State v. Freeman

Annotate this Case
Justia Opinion Summary

Tevin Dewayne Freeman was charged with the murder of Erica L. Herrera, a class AA felony, in October 2020. The case was brought to trial in November 2022. The prosecution's witnesses included the 911 dispatcher who received Freeman's emergency call, law enforcement officers who responded to the scene and investigated Herrera's death, the medical examiner who conducted Herrera's autopsy, and a mutual friend of Freeman and Herrera. The medical examiner testified that Herrera's injuries were inconsistent with self-inflicted or accident-related injuries and that she died from blunt force trauma. Freeman claimed that Herrera's injuries were from a fall. After the prosecution rested its case, Freeman moved for a judgment of acquittal, which the district court denied. The defense did not call any witnesses.

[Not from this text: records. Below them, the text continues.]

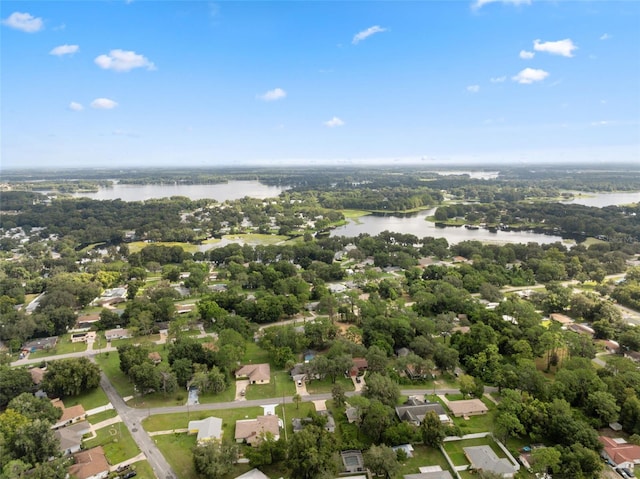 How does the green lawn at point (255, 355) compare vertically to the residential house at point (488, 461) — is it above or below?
below

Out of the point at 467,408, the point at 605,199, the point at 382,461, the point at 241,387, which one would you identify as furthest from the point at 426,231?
the point at 605,199

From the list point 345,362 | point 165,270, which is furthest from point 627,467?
point 165,270

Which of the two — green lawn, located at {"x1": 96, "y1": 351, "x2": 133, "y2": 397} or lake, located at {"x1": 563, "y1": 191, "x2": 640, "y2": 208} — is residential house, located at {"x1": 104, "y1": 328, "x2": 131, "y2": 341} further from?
lake, located at {"x1": 563, "y1": 191, "x2": 640, "y2": 208}

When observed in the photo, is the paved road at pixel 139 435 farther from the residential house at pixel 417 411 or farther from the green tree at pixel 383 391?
the residential house at pixel 417 411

During the defense's closing argument, the prosecution objected to the defense counsel's use of "I believe" statements. This led to a sidebar conference, after which the court was informed that a juror needed a break. The court allowed a ten-minute recess. After the recess, Freeman moved for a mistrial, arguing that the break and the prosecution's objection during closing argument prejudiced him. The court denied Freeman's motion for a mistrial. The jury found Freeman guilty of murder, and judgment was entered in June 2023.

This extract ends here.